白羽的怒火已經升起,沉聲喝道:“在武當山的地面,竟然有這等事發生,你吃了虎膽嗎?”
不料——
赤麵人臉上毫無表情,順手從腰際一抽,亮出一柄非劍非笏的兵器出來。
紅光陡然暴射。
啊——
慘呼聲中血肉四濺。
已經少了一條胳膊的鐵拂道長,還沒下馬,一顆花白頭髮的六陽魁首,憑空飛去七丈,嗵的一聲,落在地面,頸子中血注噴得老高,屍體“咚!”跌落在官塘大道之上。
這乃是電光石火一剎那之際的事。
赤麵人彷彿沒有動手一般,仍然回到原來立身之處,冷冷一哼,忽地側射丈餘,又已端坐在轎內,低低的喝了聲:“起!”
八個紅衣鮮帽壯漢,彷彿訓練有素,隨著四散開來,分列官轎的四方。
四個壯碩的轎伕,也已抬起了轎子。
這簡直太令人難以相信,除了套一句俗語:“說時遲,那時快”之外,真的無法形容。
鐵冠道長真的被這出乎意外的橫事嚇愣了。
白羽乃一派掌門,面對這種場面,雖也愣了一下,但立即仗劍而前,疾射丈餘,追著官轎,大吼連聲道:“都給我站住!”

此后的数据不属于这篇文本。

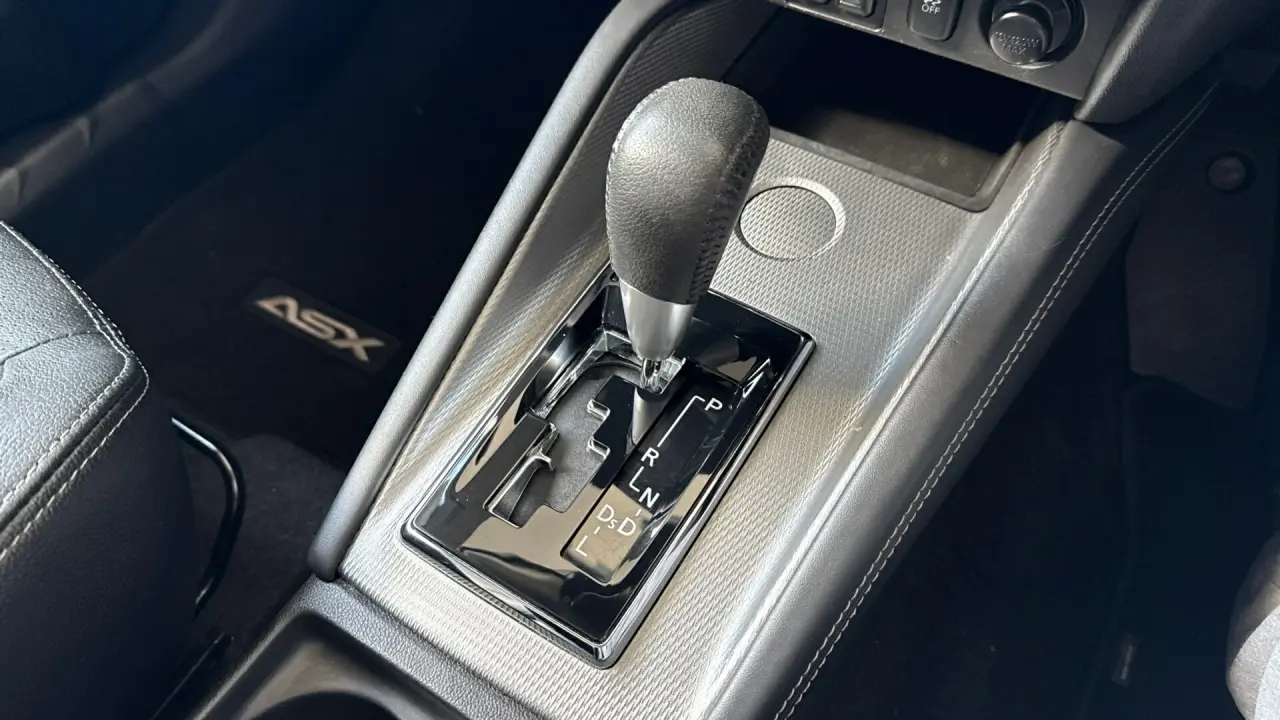 2019 MITSUBISHI ASX Gallery Image 17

可是,官轎一群人仿若不聞,看慢實快,轉眼之際已去了數十丈之遙。
鐵冠道長回過神來,大聲攔阻本來還打算追上前去的白羽道:“窮寇莫追!”
這句“窮寇莫追”出口,連發聲喊叫的鐵冠,也不由老臉發熱。
因為,這不是“寇跑”,更談不上“追”。
白羽心中明白鐵冠師伯意思,就是真的“追”上,以白羽的功力修為,—定佔不了便宜討不了好。
可是,白羽是一派掌門,武當之辱,門派之恥,血腥之仇,不能就這麼忍下去。
因此,他收勢停身,面現悲悽之色,恭身道:“師伯,難道就這樣罷了不成?”
鐵冠道:“留得青山在,不愁沒柴燒!”
白羽說:“武當之派開山,數百年之久,當著眾弟子之面,長老遭人殺手,叫師侄我如何領袖武當,如何在武林中做人?”